1. Per procedere al riordino, gestione e valorizzazione del patrimonio immobiliare di Regioni, Province, Comuni e altri Enti locali, ciascun ente con delibera dell'organo di Governo individua, sulla base e nei limiti della documentazione esistente presso i propri archivi e uffici, i singoli beni immobili ricadenti nel territorio di competenza, non strumentali all'esercizio delle proprie funzioni istituzionali, suscettibili di valorizzazione ovvero di dismissione. Viene così redatto il Piano delle Alienazioni immobiliari allegato al bilancio di previsione.

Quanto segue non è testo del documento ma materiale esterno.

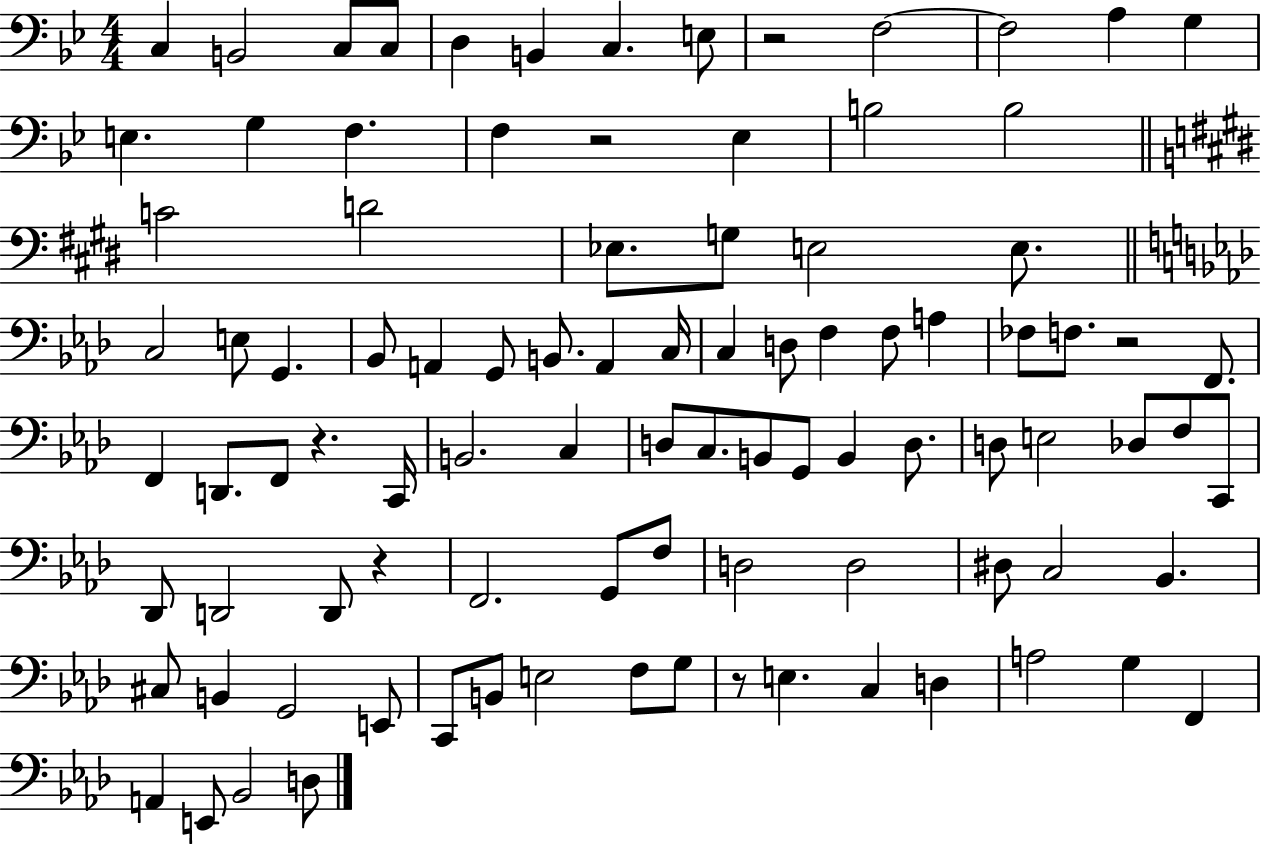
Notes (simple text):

C3/q B2/h C3/e C3/e D3/q B2/q C3/q. E3/e R/h F3/h F3/h A3/q G3/q E3/q. G3/q F3/q. F3/q R/h Eb3/q B3/h B3/h C4/h D4/h Eb3/e. G3/e E3/h E3/e. C3/h E3/e G2/q. Bb2/e A2/q G2/e B2/e. A2/q C3/s C3/q D3/e F3/q F3/e A3/q FES3/e F3/e. R/h F2/e. F2/q D2/e. F2/e R/q. C2/s B2/h. C3/q D3/e C3/e. B2/e G2/e B2/q D3/e. D3/e E3/h Db3/e F3/e C2/e Db2/e D2/h D2/e R/q F2/h. G2/e F3/e D3/h D3/h D#3/e C3/h Bb2/q. C#3/e B2/q G2/h E2/e C2/e B2/e E3/h F3/e G3/e R/e E3/q. C3/q D3/q A3/h G3/q F2/q A2/q E2/e Bb2/h D3/e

2. L'inserimento degli immobili nel piano ne determina la conseguente classificazione come patrimonio disponibile e ne dispone espressamente la destinazione urbanistica; la deliberazione del consiglio comunale di approvazione del Piano delle Alienazioni costituisce variante allo strumento urbanistico generale. Tale variante, in quanto relativa a singoli immobili, non necessita di verifiche di conformità agli eventuali atti di pianificazione sovraordinata di competenza delle Province e delle Regioni
3. Gli elenchi di cui ai commi 1 e 2, da pubblicare mediante le forme previste per ciascuno di tali enti, hanno effetto dichiarativo della proprietà, in assenza di precedenti trascrizioni, e producono gli effetti previsti dall'articolo 2644 del codice civile, nonché effetti sostitutivi dell'iscrizione del bene in catasto.
4. Gli uffici competenti provvedono, se necessario, alle conseguenti attività di trascrizione, intavolazione e voltura.
5. Contro l'iscrizione del bene negli elenchi di cui ai commi 1 e 2, è ammesso ricorso amministrativo entro sessanta giorni dalla pubblicazione, fermi gli altri rimedi di legge.
6. La procedura prevista dall'articolo 3-bis del decreto-legge 25 settembre 2001 n. 351, convertito con modificazioni dalla legge 23 novembre 2001 n. 410, per la valorizzazione dei beni dello Stato si estende ai beni immobili inclusi negli elenchi di cui al presente articolo. In tal caso, la procedura prevista al comma 2 del suddetto articolo si applica solo per i soggetti diversi dai Comuni e l'iniziativa è rimessa all'Ente proprietario dei beni da valorizzare. I bandi previsti dal comma 5 sono predisposti dall'Ente proprietario dei beni da valorizzare.
7. I soggetti di cui all'articolo 1 possono in ogni caso individuare forme di valorizzazione alternative, nel rispetto dei principi di salvaguardia dell'interesse pubblico e mediante l'utilizzo di strumenti competitivi.
8. Gli enti proprietari degli immobili inseriti negli elenchi di cui al presente articolo possono conferire i propri beni immobili anche residenziali a fondi comuni di investimento immobiliare ovvero promuoverne la costituzione secondo le disposizioni degli articoli 4 e seguenti del decreto-legge 25 settembre 2001 n. 351, convertito con modificazioni dalla legge 23 novembre 2001, n. 410.
9. Ai conferimenti di cui al presente articolo, nonché alle dismissioni degli immobili inclusi negli elenchi di cui all'articolo 1, si applicano le disposizione dei commi 18 e 19 dell'articolo 3 del decreto-legge 25 settembre 2001, n. 351, convertito con modificazioni dalla legge 23 novembre 2001 n. 410.